Work order:
With both ends included, repeat exactly the lines of the entries below from the one containing "2023 Volvo XC90 Recharge T8 Plus AWD" down to the one containing "Panzio Anett Bed", and no others.

Data section:

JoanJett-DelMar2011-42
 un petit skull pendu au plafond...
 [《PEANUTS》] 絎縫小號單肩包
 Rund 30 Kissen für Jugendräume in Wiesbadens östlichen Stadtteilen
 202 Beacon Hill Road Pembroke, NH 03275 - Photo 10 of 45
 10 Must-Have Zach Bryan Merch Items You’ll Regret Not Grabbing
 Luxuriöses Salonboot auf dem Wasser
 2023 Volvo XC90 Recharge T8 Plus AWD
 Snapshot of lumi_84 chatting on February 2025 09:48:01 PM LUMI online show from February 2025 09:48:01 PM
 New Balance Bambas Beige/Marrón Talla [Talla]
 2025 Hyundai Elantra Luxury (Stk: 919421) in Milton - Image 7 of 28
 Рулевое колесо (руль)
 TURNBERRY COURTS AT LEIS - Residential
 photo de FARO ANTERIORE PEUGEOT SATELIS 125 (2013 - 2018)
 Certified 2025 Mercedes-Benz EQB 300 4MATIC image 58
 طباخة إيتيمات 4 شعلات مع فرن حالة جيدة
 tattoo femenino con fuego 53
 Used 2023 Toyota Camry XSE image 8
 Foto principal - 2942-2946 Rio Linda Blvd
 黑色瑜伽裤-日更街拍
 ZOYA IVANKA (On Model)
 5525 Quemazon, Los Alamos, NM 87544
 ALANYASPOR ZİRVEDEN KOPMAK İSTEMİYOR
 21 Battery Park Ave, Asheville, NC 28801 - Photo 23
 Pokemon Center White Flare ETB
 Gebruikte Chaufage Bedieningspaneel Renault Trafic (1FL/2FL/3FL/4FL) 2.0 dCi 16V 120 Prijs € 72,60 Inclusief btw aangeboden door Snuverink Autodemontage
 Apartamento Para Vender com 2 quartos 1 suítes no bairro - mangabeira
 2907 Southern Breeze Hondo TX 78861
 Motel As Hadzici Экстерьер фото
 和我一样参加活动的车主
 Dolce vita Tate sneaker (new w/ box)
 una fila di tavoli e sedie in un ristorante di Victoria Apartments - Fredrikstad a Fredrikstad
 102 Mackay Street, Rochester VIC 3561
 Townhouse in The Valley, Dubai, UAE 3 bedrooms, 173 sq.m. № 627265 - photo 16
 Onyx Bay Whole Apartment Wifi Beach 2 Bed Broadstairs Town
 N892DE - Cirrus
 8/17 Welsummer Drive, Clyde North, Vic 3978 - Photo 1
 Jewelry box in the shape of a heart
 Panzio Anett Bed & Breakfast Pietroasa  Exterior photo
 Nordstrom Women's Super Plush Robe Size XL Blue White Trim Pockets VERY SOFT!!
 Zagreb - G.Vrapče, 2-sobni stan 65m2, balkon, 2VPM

Solution for this exercise:
 2023 Volvo XC90 Recharge T8 Plus AWD
 Snapshot of lumi_84 chatting on February 2025 09:48:01 PM LUMI online show from February 2025 09:48:01 PM
 New Balance Bambas Beige/Marrón Talla [Talla]
 2025 Hyundai Elantra Luxury (Stk: 919421) in Milton - Image 7 of 28
 Рулевое колесо (руль)
 TURNBERRY COURTS AT LEIS - Residential
 photo de FARO ANTERIORE PEUGEOT SATELIS 125 (2013 - 2018)
 Certified 2025 Mercedes-Benz EQB 300 4MATIC image 58
 طباخة إيتيمات 4 شعلات مع فرن حالة جيدة
 tattoo femenino con fuego 53
 Used 2023 Toyota Camry XSE image 8
 Foto principal - 2942-2946 Rio Linda Blvd
 黑色瑜伽裤-日更街拍
 ZOYA IVANKA (On Model)
 5525 Quemazon, Los Alamos, NM 87544
 ALANYASPOR ZİRVEDEN KOPMAK İSTEMİYOR
 21 Battery Park Ave, Asheville, NC 28801 - Photo 23
 Pokemon Center White Flare ETB
 Gebruikte Chaufage Bedieningspaneel Renault Trafic (1FL/2FL/3FL/4FL) 2.0 dCi 16V 120 Prijs € 72,60 Inclusief btw aangeboden door Snuverink Autodemontage
 Apartamento Para Vender com 2 quartos 1 suítes no bairro - mangabeira
 2907 Southern Breeze Hondo TX 78861
 Motel As Hadzici Экстерьер фото
 和我一样参加活动的车主
 Dolce vita Tate sneaker (new w/ box)
 una fila di tavoli e sedie in un ristorante di Victoria Apartments - Fredrikstad a Fredrikstad
 102 Mackay Street, Rochester VIC 3561
 Townhouse in The Valley, Dubai, UAE 3 bedrooms, 173 sq.m. № 627265 - photo 16
 Onyx Bay Whole Apartment Wifi Beach 2 Bed Broadstairs Town
 N892DE - Cirrus
 8/17 Welsummer Drive, Clyde North, Vic 3978 - Photo 1
 Jewelry box in the shape of a heart
 Panzio Anett Bed & Breakfast Pietroasa  Exterior photo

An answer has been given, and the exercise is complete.